- **PROVIDED RECORDS**
[Start of Attachment]

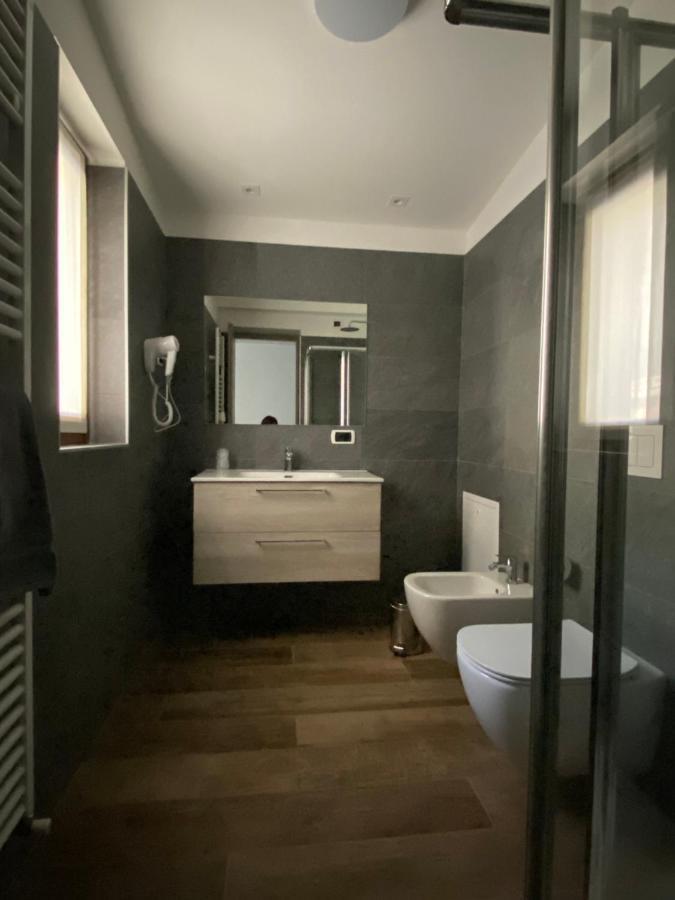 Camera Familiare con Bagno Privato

[End of Attachment]
[Start of Attachment]

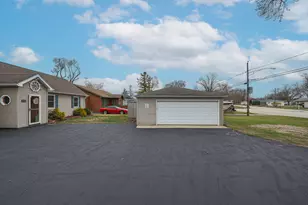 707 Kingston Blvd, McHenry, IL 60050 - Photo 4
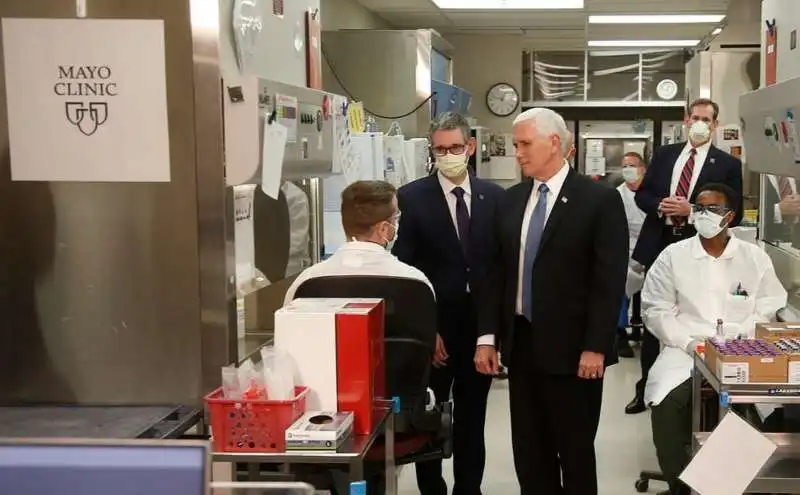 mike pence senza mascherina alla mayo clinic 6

[End of Attachment]
[Start of Attachment]

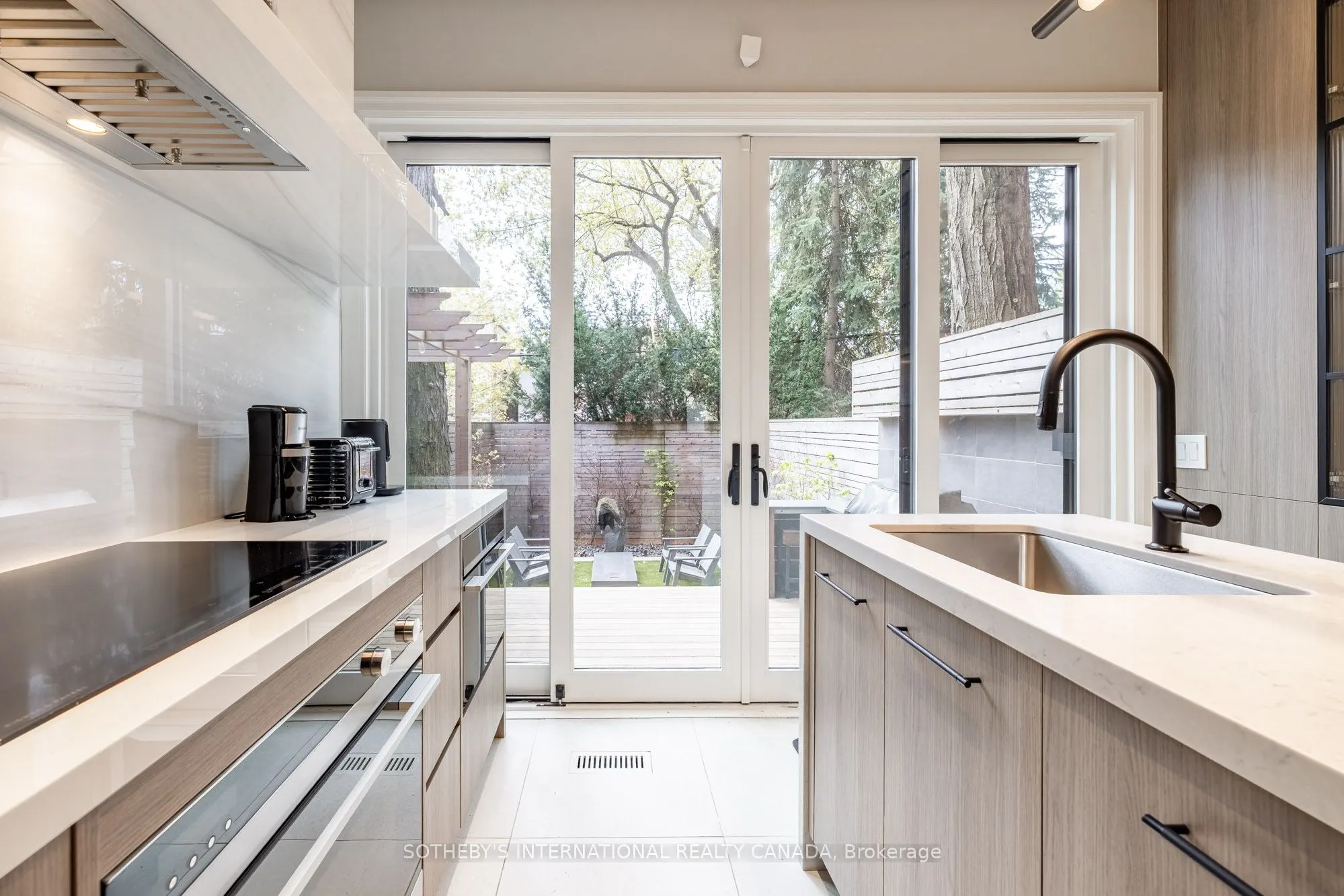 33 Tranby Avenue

[End of Attachment]

Look above for the line with "707 Kingston Blvd, McHenry, IL" and the line with "mike pence senza", then restate exactly those two lines and all lines between them, with no pictures.

- **EXPECTED OUTPUT**
 707 Kingston Blvd, McHenry, IL 60050 - Photo 4
 mike pence senza mascherina alla mayo clinic 6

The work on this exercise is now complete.